The government website named major countries as well as tiny states. The entire EU, the U.S., Canada, the UK, Japan, Australia, Switzerland and South Korea were alongside Micronesia, Andorra, Iceland, Liechtenstein, San Morino and Monaco.
Singapore, Montenegro, Albania, Norway, New Zealand and Taiwan also made the list, with the last counted as “a territory of China.”
While several British overseas territories were included, one of them, the international tax haven of the Cayman Islands, was conspicuously missing. Israel was also left off, even though Jerusalem has condemned the invasion.
Prime Minister Naftali Bennett has been attempting to mediate between the warring sides, even flying to Moscow last Saturday, on the Jewish Sabbath, to meet with President Vladimir Putin.
The decree stated that since these countries have taken “unfriendly actions against Russia, Russian companies, and citizens,” all business deals with individuals or companies from those states and regions will first have to be approved by a special government commission.”
Another provision states that Russian citizens, companies and the government itself can pay their foreign exchange debts — for amounts of over ten million rubles a month or its equivalent in foreign currency — to creditors on the list in rubles.
This measure could be very costly to those who hold major amounts of Russian bonds and to the growing number of major international companies that have announced that they are pulling out of the country.
Following the imposition of harsh sanctions, which included removing major Russian banks from the international SWIFT payment system, Russian companies have tanked in value and the ruble has sunk on an almost daily basis.
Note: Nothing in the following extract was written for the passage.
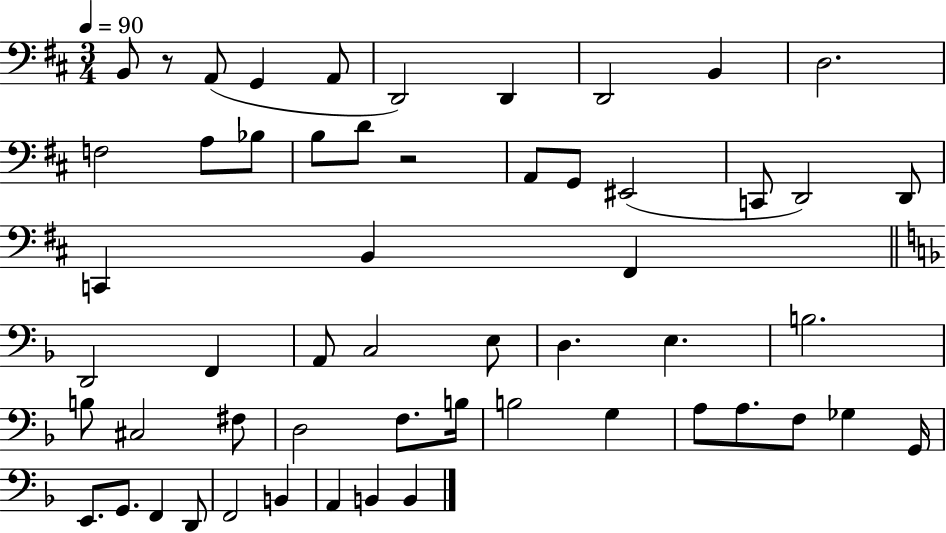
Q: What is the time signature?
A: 3/4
It is now trading as low as 150-160 to the U.S. dollar, and trades on the country’s sovereign dollar- and euro-denominated debt have all but stopped.
The local stock exchange has also yet to open its doors since the second day of the war – another sign of the deep financial trouble the Kremlin is facing due to its military offensive.
This latest decree is part of a package of what Putin called on Saturday “temporary economic measures to ensure the financial stability of the Russian Federation.”